# chainsaw info



## pioneer 1074 (Jul 12, 2010)

I am looking for any info about skil (skilsaw) and montgomery wards power craft chainsaws, any info would be apreciated.

Thanks,
Pioneer 1074:wave:


----------



## paulr44 (Oct 14, 2008)

You can google it - try contacting this guy, perhaps he can help: http://vintagechainsawcollection.blogspot.com/p/personal-chainsaw-list.html


----------



## pioneer 1074 (Jul 12, 2010)

Thanks but only saw 1 model of chainsaw I currently own on his webpage


----------



## Machold (Nov 16, 2009)

Besides googling, have you looked at http://www.arboristsite.com/forumdisplay.php?f=9
and
http://www.treeworld.info/f40/ ?


----------



## pioneer 1074 (Jul 12, 2010)

didn't know about those sites, thanks.


----------



## Lawnmowertech (Nov 12, 2008)

pioneer 1074 said:


> didn't know about those sites, thanks.


Yep i could of told you of them sites if i check this site more often  i just do not get around here  that much


----------



## geogrubb (Jul 28, 2006)

Lawnmowertech said:


> Yep i could of told you of them sites if i check this site more often  i just do not get around here that much


Calvin, you should stop by more often, we can always use your input.

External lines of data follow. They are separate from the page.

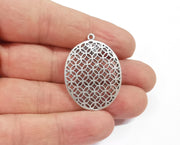 2 Oval filigree charms Antique silver plated brass charms (36x27mm)  G24046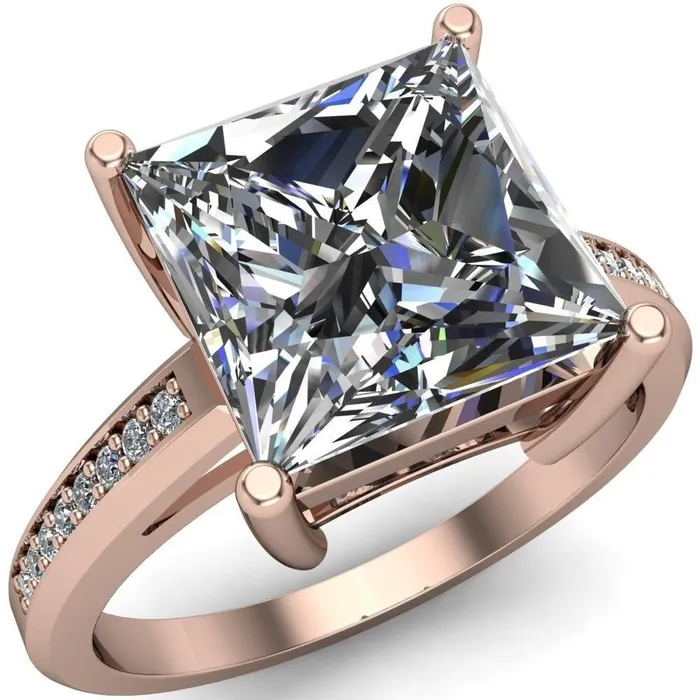 Fire Brilliance Rings Wyatt PrincessSquare Moissanite Diamond Channel Under Bezel Cathedral Ring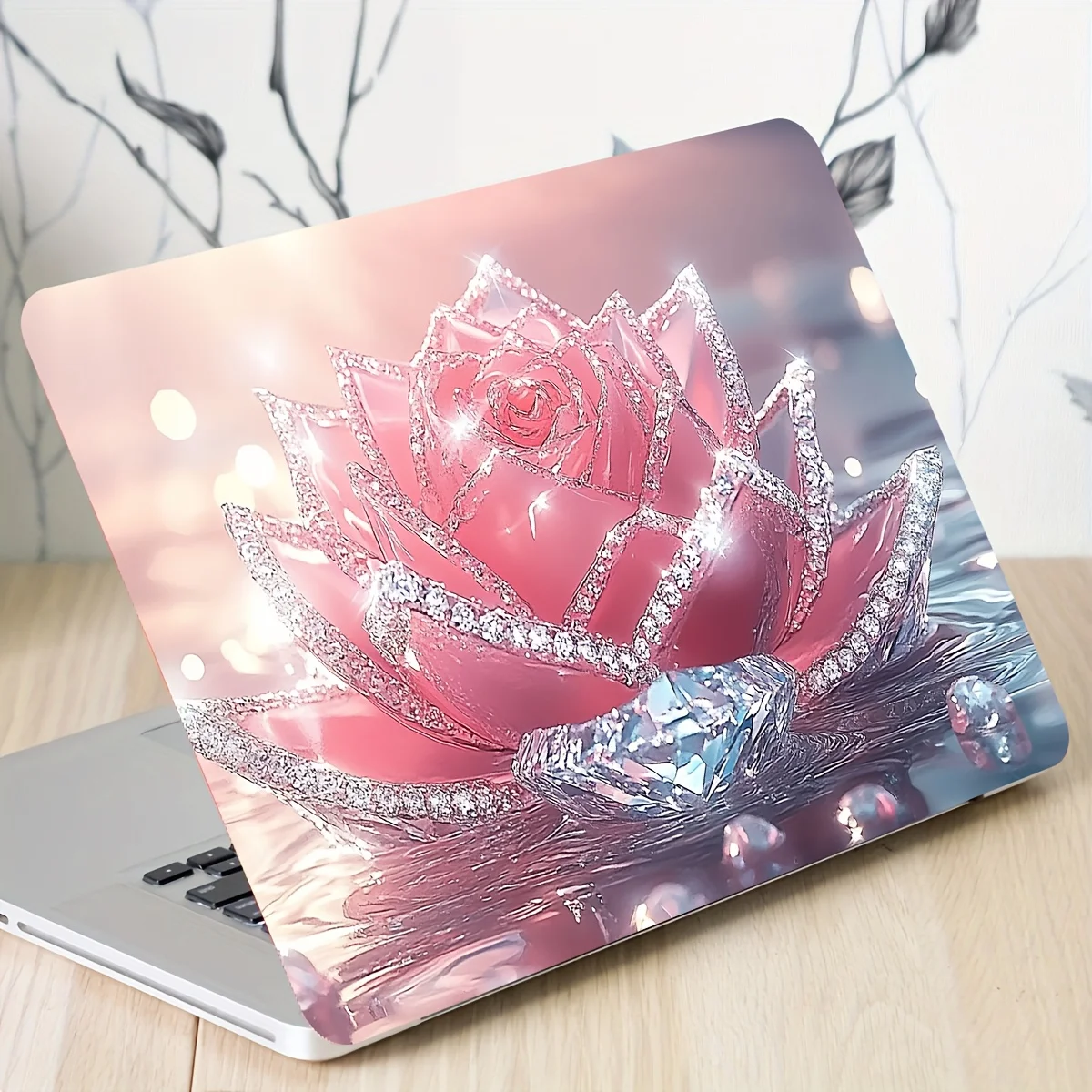 2Pcs Spare,Don't Be Afraid To Stick The Rose Vinyl Laptop Sticker Scratch Resistant DIY Art Decal with Lotus Design for HP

Have a good one. Geo


----------



## parttime (Apr 18, 2006)

Machold said:


> Besides googling, have you looked at http://www.arboristsite.com/forumdisplay.php?f=9
> and
> http://www.treeworld.info/f40/ ?


I really enjoy the foresty and logging on the arborist site.


----------



## Lawnmowertech (Nov 12, 2008)

parttime said:


> I really enjoy the foresty and logging on the arborist site.


Yep i think i may of saw you on there a time or two


----------